# What needs to be done:
When you come to the line with "2016 Chevrolet Corvette", begin repeating; continue exactly through the final line of the records and include nothing from before.

Caption-style text data
────

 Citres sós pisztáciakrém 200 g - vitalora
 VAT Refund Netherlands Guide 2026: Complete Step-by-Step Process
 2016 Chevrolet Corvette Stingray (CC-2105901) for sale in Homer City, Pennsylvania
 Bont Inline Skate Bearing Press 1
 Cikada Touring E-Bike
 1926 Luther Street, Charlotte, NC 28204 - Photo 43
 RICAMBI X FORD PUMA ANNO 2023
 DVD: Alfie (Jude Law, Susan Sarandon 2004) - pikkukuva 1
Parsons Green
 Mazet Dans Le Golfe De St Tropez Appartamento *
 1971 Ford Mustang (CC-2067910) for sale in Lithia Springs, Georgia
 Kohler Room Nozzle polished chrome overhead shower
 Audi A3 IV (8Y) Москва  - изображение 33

────

# Output of the task:
 2016 Chevrolet Corvette Stingray (CC-2105901) for sale in Homer City, Pennsylvania
 Bont Inline Skate Bearing Press 1
 Cikada Touring E-Bike
 1926 Luther Street, Charlotte, NC 28204 - Photo 43
 RICAMBI X FORD PUMA ANNO 2023
 DVD: Alfie (Jude Law, Susan Sarandon 2004) - pikkukuva 1
Parsons Green
 Mazet Dans Le Golfe De St Tropez Appartamento *
 1971 Ford Mustang (CC-2067910) for sale in Lithia Springs, Georgia
 Kohler Room Nozzle polished chrome overhead shower
 Audi A3 IV (8Y) Москва  - изображение 33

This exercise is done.